Finnish people say to store the bread in a paper bag. Maya tells us it’s because they like it dry and crispy. You might like it better stored in a plastic bag to keep it soft. Try it and see what you think. It should last longer than a week out of the fridge or freezer and still be delicious. In Finland, they leave it out for a month, which is possible to do without molding because it’s a live bread. It will dry out over time though, so we tend to leave it out for a week and then slice up what we haven’t used and put it in the freezer. If you pre-slice it, you can pop a piece or two in the toaster to warm up as needed.

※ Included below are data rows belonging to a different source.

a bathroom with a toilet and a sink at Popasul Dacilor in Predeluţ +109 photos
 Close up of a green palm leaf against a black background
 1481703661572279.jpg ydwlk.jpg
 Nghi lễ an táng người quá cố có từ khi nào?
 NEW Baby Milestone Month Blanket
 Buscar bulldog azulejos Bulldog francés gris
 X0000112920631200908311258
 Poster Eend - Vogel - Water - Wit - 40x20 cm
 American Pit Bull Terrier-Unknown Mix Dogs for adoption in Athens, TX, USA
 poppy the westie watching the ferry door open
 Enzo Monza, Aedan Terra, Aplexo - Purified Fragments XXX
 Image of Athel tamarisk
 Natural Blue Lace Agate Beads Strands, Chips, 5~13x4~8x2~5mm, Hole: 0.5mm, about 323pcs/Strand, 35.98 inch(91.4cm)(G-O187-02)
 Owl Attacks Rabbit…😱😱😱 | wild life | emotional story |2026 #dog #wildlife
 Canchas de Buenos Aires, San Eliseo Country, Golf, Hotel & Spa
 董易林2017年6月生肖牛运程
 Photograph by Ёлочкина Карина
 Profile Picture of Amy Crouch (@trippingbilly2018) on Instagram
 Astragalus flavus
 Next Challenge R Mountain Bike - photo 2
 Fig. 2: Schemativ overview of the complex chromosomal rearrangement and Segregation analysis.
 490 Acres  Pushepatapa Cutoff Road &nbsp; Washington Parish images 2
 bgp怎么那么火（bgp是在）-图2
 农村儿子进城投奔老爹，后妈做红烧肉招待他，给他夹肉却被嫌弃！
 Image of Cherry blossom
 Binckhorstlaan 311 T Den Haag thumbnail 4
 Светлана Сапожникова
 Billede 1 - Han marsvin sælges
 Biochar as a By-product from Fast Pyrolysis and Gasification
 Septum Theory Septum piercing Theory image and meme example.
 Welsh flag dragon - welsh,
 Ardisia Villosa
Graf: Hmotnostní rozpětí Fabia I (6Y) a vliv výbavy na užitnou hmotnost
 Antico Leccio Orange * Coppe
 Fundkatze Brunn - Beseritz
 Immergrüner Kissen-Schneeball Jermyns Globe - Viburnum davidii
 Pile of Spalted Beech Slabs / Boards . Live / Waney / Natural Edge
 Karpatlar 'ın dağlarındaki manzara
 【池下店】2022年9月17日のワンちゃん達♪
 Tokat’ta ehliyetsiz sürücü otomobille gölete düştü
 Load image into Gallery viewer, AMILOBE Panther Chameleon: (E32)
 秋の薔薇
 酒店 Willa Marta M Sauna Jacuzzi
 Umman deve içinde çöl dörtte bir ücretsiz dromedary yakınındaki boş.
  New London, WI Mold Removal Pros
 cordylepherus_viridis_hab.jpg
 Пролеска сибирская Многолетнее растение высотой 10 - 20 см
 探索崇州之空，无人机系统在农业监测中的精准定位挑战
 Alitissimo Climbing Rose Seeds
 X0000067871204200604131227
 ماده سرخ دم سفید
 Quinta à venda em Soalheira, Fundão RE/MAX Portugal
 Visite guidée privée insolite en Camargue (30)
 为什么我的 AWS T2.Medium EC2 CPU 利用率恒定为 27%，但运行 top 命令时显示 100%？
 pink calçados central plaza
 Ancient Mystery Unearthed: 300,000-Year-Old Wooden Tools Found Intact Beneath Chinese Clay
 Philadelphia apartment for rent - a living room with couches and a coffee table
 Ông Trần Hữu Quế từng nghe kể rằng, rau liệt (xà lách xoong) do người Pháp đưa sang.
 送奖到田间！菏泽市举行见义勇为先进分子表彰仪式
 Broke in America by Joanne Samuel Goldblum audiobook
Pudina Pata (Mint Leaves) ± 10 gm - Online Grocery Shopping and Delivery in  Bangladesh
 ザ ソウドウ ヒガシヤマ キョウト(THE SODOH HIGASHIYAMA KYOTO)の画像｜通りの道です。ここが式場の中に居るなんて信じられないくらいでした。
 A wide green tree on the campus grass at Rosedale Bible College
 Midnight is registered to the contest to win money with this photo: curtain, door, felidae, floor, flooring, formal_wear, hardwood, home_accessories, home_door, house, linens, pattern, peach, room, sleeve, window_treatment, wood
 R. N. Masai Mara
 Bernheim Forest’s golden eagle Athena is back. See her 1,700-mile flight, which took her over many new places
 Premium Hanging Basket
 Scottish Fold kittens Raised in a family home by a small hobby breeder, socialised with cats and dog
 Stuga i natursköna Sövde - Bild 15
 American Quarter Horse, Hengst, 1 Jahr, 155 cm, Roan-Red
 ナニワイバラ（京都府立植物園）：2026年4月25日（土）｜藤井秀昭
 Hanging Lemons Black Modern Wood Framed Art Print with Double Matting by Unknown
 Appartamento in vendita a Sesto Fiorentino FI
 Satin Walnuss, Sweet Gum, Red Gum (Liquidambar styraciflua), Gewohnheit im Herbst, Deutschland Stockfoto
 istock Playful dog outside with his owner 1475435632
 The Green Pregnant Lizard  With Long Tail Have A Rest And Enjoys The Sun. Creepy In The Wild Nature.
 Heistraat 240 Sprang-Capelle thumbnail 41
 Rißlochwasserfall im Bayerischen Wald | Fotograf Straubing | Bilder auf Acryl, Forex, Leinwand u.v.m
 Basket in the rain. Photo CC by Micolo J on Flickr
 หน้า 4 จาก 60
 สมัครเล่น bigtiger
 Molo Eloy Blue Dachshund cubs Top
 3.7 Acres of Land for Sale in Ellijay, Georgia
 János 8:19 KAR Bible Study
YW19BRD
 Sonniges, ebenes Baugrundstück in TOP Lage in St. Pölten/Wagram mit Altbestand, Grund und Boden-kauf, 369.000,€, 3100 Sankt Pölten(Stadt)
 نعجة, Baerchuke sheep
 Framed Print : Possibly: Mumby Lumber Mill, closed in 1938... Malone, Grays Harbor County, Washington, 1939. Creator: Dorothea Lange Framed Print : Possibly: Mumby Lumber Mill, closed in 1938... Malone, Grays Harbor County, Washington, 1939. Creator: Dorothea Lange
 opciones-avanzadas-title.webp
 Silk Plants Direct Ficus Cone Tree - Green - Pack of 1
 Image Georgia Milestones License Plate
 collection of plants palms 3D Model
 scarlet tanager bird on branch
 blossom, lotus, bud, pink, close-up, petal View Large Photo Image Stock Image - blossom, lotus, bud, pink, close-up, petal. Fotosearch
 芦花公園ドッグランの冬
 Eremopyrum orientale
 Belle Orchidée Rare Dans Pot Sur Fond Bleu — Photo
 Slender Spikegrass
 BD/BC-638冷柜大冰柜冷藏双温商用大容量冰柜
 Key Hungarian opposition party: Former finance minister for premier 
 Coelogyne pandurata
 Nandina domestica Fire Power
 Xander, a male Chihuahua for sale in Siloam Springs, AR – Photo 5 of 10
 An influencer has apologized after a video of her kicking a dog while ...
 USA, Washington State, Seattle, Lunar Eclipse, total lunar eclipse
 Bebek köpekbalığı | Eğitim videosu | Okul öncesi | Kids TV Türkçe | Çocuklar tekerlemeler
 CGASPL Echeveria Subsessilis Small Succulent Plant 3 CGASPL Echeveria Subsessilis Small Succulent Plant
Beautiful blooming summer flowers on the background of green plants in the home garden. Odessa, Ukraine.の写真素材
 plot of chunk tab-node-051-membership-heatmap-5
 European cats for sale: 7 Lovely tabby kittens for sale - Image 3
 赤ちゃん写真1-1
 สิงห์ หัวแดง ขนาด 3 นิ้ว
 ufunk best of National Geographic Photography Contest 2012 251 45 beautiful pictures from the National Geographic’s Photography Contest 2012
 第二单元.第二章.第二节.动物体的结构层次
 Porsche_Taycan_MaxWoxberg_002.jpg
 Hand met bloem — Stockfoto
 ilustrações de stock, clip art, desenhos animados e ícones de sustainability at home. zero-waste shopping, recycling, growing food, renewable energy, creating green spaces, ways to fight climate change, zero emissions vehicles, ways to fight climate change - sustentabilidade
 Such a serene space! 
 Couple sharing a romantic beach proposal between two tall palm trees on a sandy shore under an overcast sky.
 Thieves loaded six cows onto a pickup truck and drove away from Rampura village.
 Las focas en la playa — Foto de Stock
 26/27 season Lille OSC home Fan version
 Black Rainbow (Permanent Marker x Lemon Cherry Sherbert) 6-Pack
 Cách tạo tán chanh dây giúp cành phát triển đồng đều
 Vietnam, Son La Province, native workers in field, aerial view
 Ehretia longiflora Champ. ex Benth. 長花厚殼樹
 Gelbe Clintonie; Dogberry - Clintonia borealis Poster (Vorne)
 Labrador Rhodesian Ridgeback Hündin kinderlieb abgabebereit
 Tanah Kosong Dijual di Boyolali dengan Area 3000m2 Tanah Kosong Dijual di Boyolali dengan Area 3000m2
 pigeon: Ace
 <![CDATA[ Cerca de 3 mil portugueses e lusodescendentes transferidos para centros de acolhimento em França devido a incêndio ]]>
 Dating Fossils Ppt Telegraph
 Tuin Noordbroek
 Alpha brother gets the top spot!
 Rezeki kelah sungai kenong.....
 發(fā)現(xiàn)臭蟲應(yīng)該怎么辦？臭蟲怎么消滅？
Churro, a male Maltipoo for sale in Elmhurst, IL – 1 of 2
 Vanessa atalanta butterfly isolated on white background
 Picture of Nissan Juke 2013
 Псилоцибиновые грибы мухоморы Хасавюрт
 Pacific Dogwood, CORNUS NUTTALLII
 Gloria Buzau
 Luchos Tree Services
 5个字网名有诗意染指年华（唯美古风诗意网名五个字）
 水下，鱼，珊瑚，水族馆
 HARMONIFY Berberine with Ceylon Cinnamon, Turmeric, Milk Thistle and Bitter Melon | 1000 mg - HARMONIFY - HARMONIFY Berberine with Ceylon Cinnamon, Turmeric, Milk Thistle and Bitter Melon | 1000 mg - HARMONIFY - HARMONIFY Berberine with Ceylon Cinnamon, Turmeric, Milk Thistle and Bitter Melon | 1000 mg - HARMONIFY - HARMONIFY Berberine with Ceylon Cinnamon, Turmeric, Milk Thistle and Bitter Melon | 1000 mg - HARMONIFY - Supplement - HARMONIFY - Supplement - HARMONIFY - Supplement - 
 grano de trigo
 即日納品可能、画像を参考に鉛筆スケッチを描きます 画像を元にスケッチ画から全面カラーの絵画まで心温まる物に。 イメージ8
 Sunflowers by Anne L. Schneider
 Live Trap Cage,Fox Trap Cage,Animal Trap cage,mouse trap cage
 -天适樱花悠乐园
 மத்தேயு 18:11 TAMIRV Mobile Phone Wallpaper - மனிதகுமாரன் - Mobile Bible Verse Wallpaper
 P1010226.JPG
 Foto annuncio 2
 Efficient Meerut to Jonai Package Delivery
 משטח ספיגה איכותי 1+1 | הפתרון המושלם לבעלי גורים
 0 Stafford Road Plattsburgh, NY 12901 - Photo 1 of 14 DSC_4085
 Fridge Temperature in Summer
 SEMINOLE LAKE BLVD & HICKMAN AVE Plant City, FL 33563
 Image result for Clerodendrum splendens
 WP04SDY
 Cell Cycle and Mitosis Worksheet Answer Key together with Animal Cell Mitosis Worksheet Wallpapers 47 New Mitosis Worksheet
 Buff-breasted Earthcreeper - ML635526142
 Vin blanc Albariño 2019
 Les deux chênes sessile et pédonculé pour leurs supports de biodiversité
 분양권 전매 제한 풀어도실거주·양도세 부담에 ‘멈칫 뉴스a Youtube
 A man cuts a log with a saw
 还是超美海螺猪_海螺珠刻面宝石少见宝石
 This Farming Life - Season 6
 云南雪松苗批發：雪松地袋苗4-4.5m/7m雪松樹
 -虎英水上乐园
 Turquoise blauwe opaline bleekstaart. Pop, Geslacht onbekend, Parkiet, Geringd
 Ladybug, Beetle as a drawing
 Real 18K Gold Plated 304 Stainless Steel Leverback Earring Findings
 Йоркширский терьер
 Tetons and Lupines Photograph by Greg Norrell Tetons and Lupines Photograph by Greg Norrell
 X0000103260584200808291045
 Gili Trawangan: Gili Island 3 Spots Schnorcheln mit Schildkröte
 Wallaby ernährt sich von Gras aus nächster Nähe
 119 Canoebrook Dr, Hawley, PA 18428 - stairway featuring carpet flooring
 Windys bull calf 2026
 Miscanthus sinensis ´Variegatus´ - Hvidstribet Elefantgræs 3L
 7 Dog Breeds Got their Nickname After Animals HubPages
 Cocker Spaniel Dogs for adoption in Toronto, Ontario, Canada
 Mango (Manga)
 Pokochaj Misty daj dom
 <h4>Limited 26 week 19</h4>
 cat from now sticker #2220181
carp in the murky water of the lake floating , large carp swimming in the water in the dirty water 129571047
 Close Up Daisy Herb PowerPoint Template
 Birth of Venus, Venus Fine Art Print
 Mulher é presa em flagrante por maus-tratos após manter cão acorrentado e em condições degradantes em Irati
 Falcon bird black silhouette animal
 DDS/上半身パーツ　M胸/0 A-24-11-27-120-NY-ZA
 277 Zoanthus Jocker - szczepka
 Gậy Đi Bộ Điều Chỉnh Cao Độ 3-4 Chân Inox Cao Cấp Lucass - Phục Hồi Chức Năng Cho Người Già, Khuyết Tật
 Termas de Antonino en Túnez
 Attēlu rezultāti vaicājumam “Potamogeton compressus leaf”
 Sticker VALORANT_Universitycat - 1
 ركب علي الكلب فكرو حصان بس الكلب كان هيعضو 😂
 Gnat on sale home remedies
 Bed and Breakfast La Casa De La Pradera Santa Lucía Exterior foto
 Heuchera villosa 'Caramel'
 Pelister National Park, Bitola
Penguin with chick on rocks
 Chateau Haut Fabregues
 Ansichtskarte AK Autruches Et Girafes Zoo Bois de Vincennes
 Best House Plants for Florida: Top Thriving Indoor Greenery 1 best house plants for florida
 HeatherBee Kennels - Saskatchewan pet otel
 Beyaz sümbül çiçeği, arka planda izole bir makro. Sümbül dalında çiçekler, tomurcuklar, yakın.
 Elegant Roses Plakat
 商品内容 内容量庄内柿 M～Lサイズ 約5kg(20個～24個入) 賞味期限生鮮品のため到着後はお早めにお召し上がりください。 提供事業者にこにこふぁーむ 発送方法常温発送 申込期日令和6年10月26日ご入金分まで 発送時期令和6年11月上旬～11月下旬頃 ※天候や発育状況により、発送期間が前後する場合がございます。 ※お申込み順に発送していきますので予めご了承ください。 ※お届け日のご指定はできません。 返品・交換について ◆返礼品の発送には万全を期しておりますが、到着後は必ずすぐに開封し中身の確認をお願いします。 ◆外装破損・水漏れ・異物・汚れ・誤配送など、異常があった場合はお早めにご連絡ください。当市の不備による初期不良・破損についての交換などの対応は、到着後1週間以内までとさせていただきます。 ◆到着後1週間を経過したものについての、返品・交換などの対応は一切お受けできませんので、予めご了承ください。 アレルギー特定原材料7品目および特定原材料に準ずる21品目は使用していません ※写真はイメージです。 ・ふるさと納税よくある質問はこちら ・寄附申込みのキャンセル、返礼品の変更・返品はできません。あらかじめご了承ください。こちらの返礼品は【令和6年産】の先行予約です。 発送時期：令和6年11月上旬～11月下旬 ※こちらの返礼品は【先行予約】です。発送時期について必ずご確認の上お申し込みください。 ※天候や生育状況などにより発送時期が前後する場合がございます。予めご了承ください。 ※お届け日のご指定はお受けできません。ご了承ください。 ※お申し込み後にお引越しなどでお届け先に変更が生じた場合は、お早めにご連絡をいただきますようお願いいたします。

Maya’s Finnish Sourdough Rye Bread Recipe

Ingredients

  • 2 cups organic sprouted rye flour (using sprouted flour makes the bread easier to digest and is optional)
  • 2 tablespoons blackstrap molasses
  • 1.5 tablespoons caraway seeds
  • 1 tablespoon sea salt
  • 1.25 cups water (if you are not vegetarian or vegan and you want to add gelatin/collagen to your bread, you can alternatively use 1 cup bone broth and 1/4 cup water)
  • 1.25 cups of your prepared rye flour starter

Instructions

  • Mix up all ingredients well in a glass bowl, using a wooden spoon. We usually mix it by hand; at least 50 strokes or for 2 to 4 minutes. You will have a smooth, sticky dough. You do not need to knead it (hooray!).
  • Put a cover on the bowl and let it sit for 5 hours or overnight. Look for it to almost double in size.
  • Once it has doubled in size and you are ready to bake the bread, pour the bread dough onto a well-floured surface. This dough will be rather wet and sticky, so have a lot of flour and water on hand so that you can use it to make it easier to work with the bread dough. Let the dough sit for 15 to 30 minutes to give it a “rest.”
  • While the dough is resting, preheat your oven to 435° F.
  • Grease your bread pan with coconut oil or butter, sprinkling some flour over the coconut oil or butter and then sprinkling some caraway seeds over the flour. This will make a nice non-stick surface.
  • You can use a regular bread loaf pan that is glass or silicone, but avoid metal. A lot of sourdough bread makers swear by using stone, like a LaCloche clay bread baker (which you can purchase online or at your local kitchen store). We have also made the bread in a silicone bread pan and a glass bread pan, which worked out really well too.
  • Now put the bread batter into your pan. Flouring your hands will help keep it from sticking to them as you move it into the pan. It may be very wet and you can add more flour to the batter as you are working with it to get it into the pan (adding flour on top and the sides to keep it from sticking).
  • Once you have it in the pan, take a sharp knife and put some slits (like a tic tac toe) into the top. This will allow air to escape during cooking and give it a nice look once baked. If your knife sticks, put water on it so that it slips through easily.
  • Bake at 435° F for 30 minutes and then check the bread. Press the center to see if it’s firm and bounces back. Check with a meat thermometer. Once the center of the bread reaches 220° F, it’s done. You will likely need to bake for another 10 to 15 minutes. Turn the oven temperature down to 390° F for the last 10 to 15 minutes. The top should be will brown a bit and get slightly drier. If you are using a LaCloche or stoneware with a top, remove the top for the last 10 to 15 minutes of baking.
  • Allow the bread to cool before removing from the bread pan. Make sure it’s completely cool before slicing or it could become gummy.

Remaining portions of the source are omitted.